## [PROVIDED ENTRIES]
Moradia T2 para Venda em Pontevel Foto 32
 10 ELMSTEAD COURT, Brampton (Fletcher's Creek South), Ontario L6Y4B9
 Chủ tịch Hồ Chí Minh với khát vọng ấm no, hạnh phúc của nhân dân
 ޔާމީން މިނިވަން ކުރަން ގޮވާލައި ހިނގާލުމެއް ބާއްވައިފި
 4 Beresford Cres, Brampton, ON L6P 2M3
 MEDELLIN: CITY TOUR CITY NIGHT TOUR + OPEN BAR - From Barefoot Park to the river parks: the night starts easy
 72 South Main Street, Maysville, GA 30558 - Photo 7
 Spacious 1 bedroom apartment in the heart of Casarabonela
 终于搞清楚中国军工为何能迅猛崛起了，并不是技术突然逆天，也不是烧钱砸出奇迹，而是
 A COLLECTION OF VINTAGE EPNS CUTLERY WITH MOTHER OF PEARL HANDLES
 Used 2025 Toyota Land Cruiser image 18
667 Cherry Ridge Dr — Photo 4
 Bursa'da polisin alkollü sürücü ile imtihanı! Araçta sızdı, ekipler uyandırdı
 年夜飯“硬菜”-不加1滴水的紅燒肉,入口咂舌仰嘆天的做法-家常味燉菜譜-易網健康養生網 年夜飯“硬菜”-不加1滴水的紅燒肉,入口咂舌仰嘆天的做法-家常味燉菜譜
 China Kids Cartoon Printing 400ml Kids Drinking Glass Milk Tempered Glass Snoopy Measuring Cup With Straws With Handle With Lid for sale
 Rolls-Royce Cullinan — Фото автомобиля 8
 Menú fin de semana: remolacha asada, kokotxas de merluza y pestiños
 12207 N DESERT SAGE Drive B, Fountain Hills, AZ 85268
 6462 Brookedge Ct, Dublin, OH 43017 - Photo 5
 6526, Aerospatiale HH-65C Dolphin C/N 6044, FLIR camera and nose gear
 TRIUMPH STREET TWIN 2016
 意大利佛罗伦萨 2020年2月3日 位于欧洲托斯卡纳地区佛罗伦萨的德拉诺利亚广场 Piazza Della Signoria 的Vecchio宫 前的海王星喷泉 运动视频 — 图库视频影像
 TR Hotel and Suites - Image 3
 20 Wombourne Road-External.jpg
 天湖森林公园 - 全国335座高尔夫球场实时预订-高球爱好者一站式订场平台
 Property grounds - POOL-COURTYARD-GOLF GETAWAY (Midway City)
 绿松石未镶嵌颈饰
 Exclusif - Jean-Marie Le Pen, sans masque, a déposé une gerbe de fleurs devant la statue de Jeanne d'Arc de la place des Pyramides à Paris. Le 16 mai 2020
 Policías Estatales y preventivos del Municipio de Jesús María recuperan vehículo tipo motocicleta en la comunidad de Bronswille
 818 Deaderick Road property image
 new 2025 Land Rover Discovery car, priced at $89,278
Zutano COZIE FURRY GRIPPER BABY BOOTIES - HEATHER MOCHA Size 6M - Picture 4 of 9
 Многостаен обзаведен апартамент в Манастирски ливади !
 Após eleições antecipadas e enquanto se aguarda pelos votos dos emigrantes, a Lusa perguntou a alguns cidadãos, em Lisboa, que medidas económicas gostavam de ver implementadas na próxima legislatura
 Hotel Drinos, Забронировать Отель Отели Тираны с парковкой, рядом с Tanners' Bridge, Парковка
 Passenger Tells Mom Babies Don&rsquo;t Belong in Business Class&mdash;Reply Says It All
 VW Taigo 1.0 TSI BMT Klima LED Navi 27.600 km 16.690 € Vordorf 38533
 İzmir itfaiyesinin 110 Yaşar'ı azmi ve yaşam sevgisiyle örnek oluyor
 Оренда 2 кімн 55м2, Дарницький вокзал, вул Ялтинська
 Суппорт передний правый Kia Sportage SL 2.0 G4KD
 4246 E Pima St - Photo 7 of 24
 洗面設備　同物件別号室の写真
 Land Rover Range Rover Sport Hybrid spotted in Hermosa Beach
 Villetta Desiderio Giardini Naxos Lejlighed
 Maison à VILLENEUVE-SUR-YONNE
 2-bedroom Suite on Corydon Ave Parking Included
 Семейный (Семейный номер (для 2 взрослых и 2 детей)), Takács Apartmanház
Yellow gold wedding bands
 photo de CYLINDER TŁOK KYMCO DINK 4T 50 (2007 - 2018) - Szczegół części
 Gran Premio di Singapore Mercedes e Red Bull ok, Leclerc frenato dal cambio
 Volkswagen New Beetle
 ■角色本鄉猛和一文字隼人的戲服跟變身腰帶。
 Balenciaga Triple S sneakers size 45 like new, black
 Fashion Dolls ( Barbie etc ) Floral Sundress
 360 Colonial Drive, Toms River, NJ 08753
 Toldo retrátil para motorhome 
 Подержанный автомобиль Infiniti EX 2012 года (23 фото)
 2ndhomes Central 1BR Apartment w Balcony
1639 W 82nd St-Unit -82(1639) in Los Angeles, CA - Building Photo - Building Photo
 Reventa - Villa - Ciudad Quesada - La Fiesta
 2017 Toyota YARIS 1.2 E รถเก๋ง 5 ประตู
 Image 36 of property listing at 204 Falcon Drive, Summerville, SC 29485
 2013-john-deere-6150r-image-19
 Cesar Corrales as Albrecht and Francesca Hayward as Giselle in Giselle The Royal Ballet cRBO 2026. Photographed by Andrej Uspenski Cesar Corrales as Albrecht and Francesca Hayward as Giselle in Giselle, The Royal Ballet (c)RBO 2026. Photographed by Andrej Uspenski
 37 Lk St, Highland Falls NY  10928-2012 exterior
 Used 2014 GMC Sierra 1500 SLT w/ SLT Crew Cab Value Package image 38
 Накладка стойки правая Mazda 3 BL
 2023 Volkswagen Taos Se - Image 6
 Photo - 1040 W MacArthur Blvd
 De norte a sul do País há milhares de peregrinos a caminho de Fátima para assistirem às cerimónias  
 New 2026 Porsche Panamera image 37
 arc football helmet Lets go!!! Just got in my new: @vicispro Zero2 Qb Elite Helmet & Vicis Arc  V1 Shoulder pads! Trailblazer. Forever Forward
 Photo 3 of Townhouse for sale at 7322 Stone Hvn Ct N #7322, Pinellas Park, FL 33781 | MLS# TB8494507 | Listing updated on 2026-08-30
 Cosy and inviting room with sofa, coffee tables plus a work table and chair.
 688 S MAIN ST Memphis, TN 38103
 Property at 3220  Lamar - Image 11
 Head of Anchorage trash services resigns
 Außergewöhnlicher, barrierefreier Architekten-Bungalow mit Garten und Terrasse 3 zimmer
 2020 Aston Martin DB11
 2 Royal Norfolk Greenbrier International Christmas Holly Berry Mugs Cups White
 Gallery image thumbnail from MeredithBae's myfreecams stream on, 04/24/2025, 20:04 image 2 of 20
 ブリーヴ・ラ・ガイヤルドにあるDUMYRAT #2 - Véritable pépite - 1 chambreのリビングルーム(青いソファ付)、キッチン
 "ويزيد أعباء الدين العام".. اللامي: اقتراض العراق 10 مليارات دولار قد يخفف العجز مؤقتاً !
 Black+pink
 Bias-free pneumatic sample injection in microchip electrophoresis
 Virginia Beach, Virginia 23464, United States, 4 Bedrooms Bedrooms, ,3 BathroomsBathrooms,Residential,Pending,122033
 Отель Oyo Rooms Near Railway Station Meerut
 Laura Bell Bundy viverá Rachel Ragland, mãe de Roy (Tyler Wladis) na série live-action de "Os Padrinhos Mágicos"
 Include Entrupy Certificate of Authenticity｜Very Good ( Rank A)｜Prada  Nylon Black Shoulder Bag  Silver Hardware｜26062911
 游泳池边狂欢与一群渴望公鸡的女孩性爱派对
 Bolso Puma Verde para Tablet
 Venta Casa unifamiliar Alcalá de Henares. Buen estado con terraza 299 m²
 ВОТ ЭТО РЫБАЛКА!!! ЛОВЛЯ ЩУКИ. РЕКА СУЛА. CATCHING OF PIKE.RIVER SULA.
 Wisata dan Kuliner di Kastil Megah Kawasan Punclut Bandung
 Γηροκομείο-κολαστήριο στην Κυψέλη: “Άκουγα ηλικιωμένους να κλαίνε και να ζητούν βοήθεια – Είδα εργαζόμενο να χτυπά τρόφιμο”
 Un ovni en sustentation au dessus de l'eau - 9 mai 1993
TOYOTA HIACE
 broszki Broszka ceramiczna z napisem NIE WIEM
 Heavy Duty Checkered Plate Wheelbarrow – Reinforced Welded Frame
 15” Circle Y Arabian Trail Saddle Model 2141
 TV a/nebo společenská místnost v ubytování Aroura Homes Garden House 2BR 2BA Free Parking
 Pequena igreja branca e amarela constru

## [WORK REQUEST]
Please report only the number of lines above that include "Hotel".

## [WRITTEN ANSWER]
2